Work item:
Write out the entries below exactly, but only from the line containing "Virus HPV có" through the line containing "Forsiden av dokumentet", and without the pictures.

Material for this task:
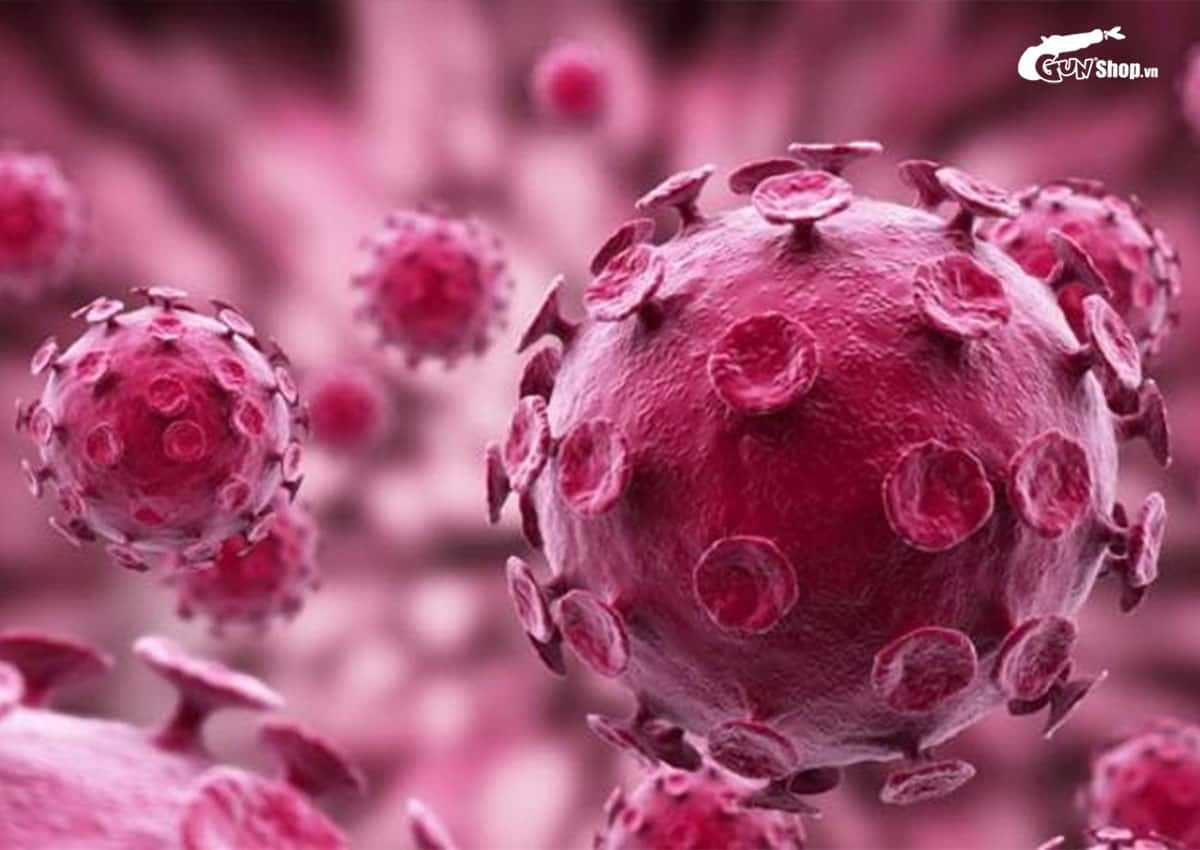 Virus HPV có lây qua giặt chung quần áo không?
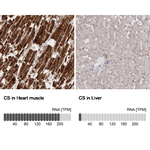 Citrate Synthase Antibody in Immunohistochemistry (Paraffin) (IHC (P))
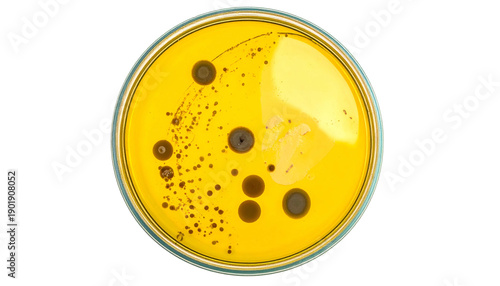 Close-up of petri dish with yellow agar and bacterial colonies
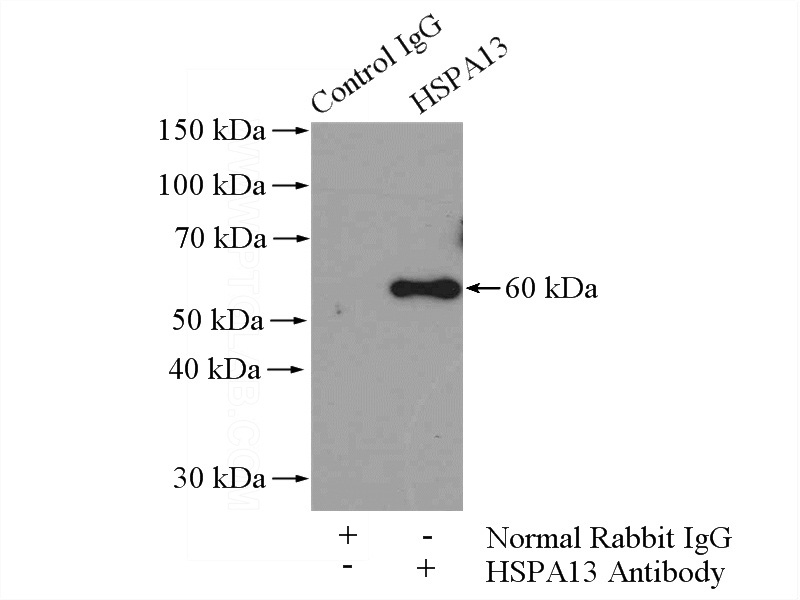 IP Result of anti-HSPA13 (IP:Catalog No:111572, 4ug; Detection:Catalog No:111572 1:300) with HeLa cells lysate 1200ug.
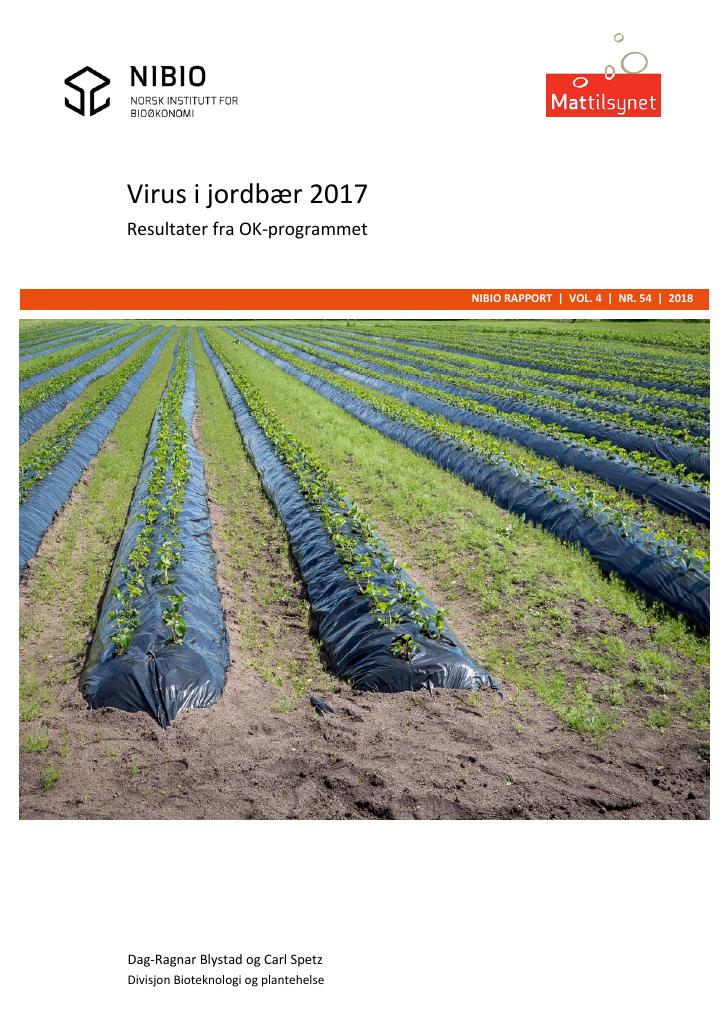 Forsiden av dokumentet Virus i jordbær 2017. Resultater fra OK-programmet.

---

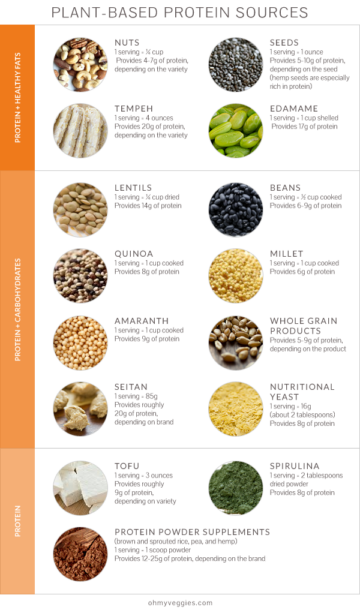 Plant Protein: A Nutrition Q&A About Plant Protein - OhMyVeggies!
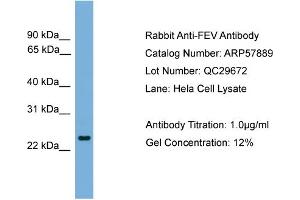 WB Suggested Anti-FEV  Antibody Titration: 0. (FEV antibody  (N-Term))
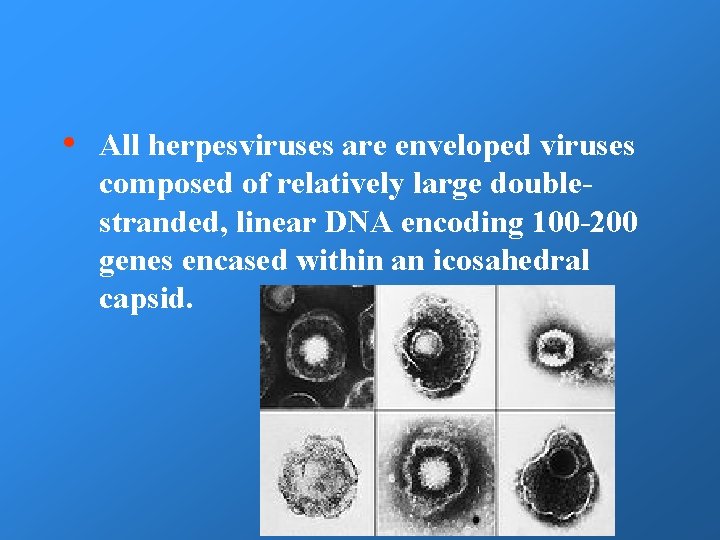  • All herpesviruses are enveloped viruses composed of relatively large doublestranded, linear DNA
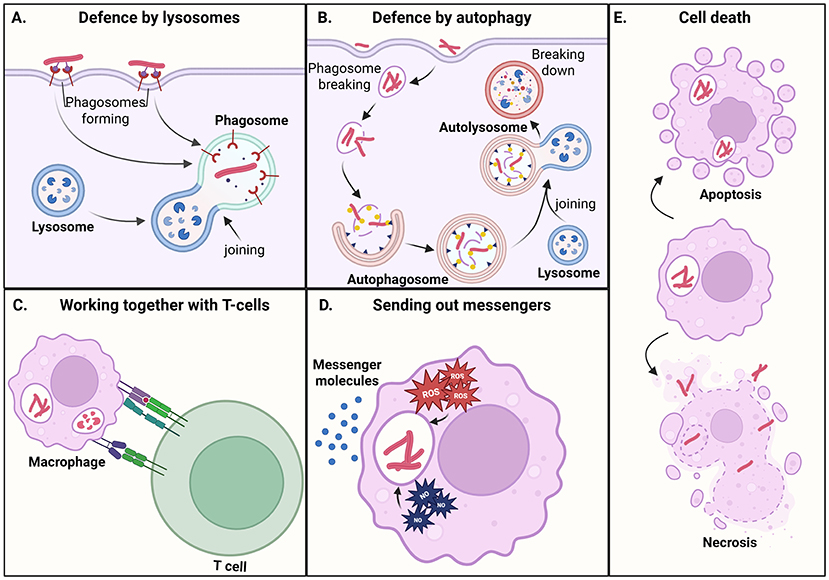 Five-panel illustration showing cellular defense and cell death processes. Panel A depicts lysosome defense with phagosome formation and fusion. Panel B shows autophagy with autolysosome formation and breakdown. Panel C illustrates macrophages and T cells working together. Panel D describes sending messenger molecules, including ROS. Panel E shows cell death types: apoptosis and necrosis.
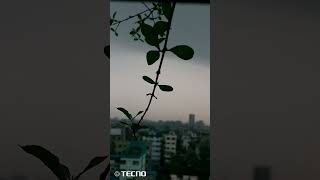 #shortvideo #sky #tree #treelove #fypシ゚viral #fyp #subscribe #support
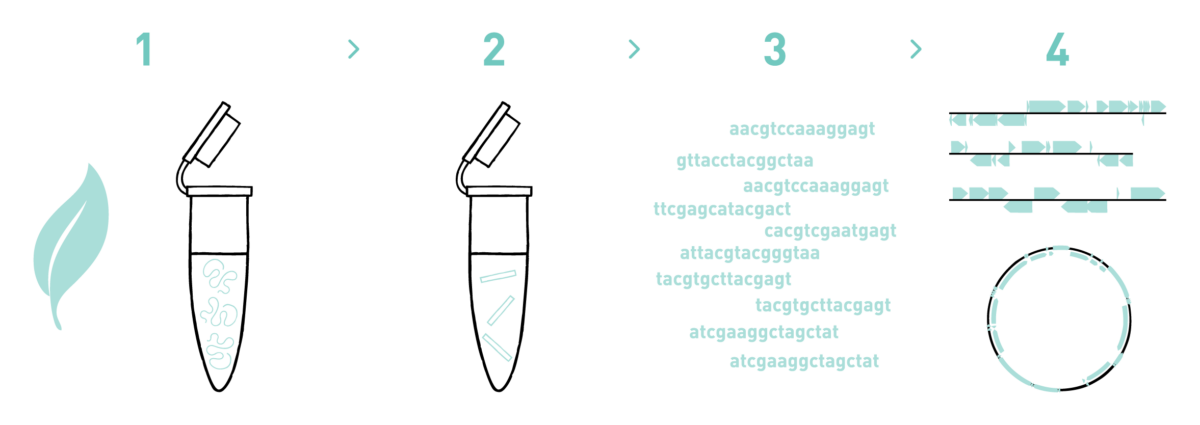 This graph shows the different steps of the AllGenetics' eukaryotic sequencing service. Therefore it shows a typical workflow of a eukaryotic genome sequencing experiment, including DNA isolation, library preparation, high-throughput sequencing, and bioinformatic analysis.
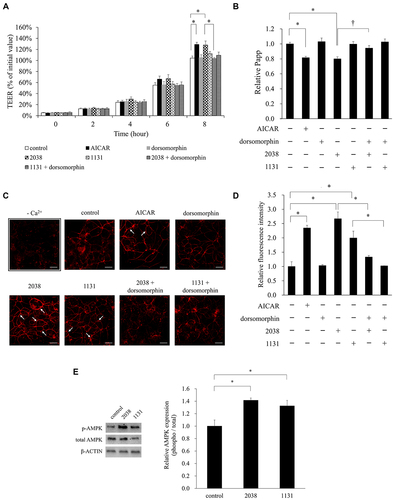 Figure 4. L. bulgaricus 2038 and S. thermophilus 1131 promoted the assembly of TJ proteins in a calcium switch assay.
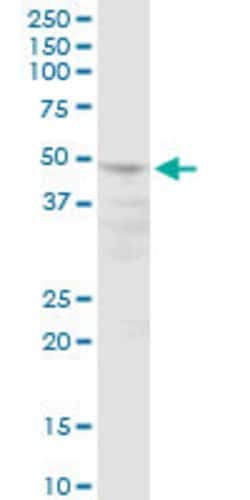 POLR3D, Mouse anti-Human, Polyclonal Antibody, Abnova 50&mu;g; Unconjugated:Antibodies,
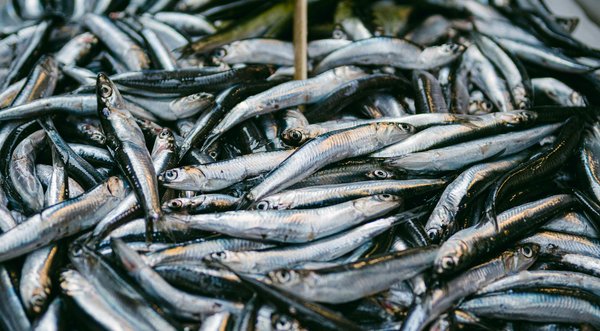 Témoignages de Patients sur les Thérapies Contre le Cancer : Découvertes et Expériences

* * *

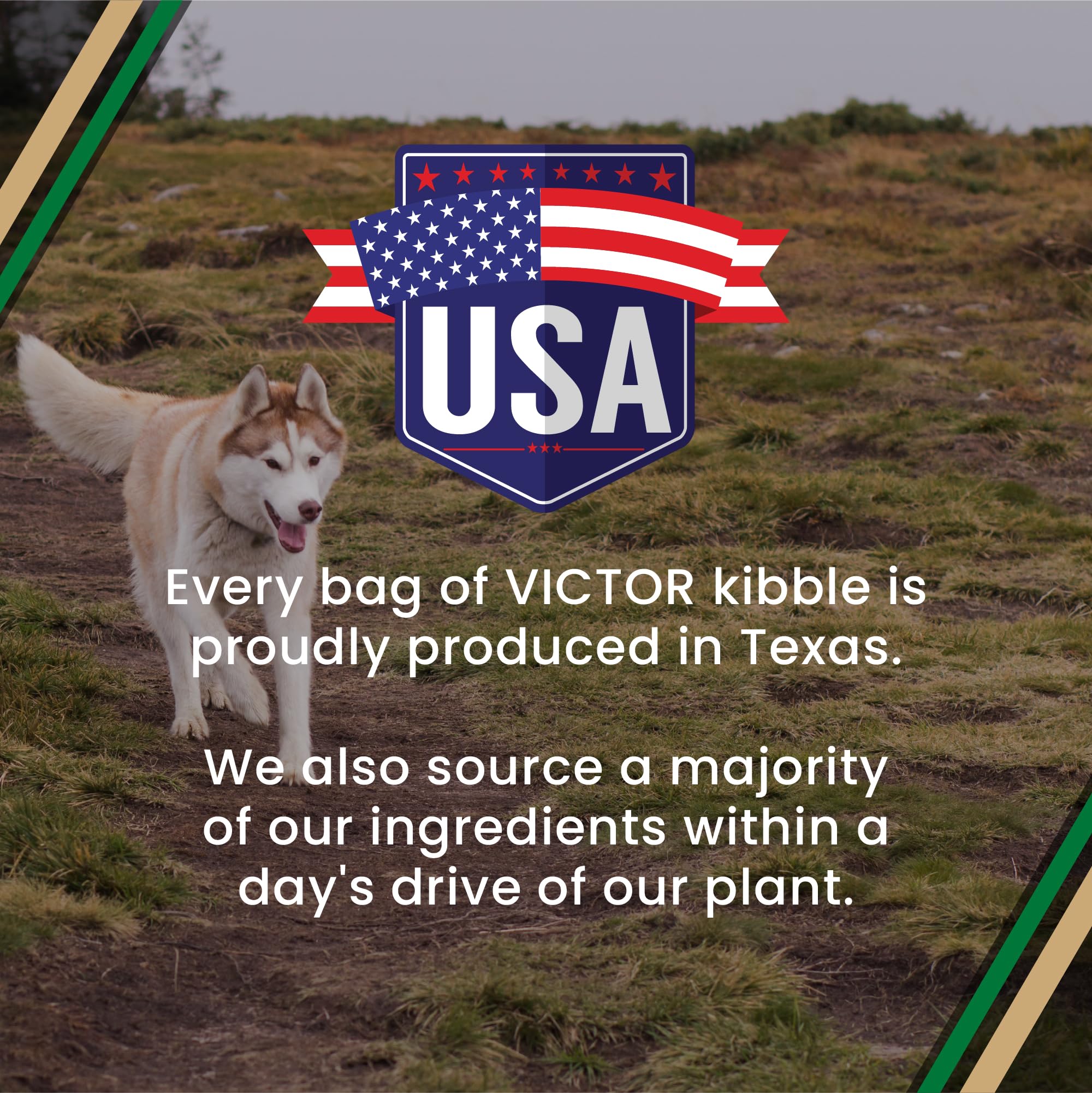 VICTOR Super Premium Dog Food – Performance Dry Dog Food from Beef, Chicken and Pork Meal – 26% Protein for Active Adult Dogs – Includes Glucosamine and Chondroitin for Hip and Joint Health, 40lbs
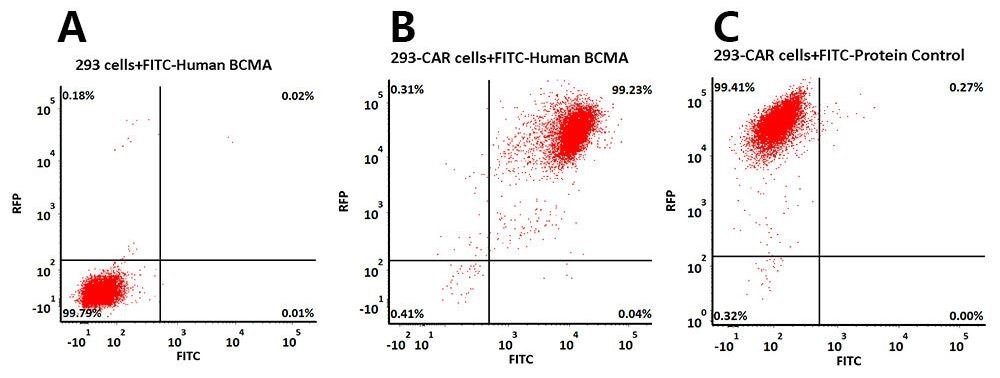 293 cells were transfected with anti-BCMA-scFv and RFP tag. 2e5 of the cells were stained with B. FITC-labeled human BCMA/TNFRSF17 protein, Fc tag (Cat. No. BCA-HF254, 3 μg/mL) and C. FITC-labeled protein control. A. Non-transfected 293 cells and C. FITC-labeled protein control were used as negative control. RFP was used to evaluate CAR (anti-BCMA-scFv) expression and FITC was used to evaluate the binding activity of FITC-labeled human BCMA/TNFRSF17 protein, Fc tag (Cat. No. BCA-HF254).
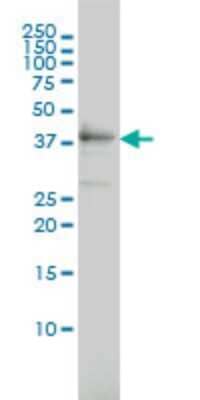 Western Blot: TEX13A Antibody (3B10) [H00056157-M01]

Written answer:
 Virus HPV có lây qua giặt chung quần áo không?
 Citrate Synthase Antibody in Immunohistochemistry (Paraffin) (IHC (P))
 Close-up of petri dish with yellow agar and bacterial colonies
 IP Result of anti-HSPA13 (IP:Catalog No:111572, 4ug; Detection:Catalog No:111572 1:300) with HeLa cells lysate 1200ug.
 Forsiden av dokumentet Virus i jordbær 2017. Resultater fra OK-programmet.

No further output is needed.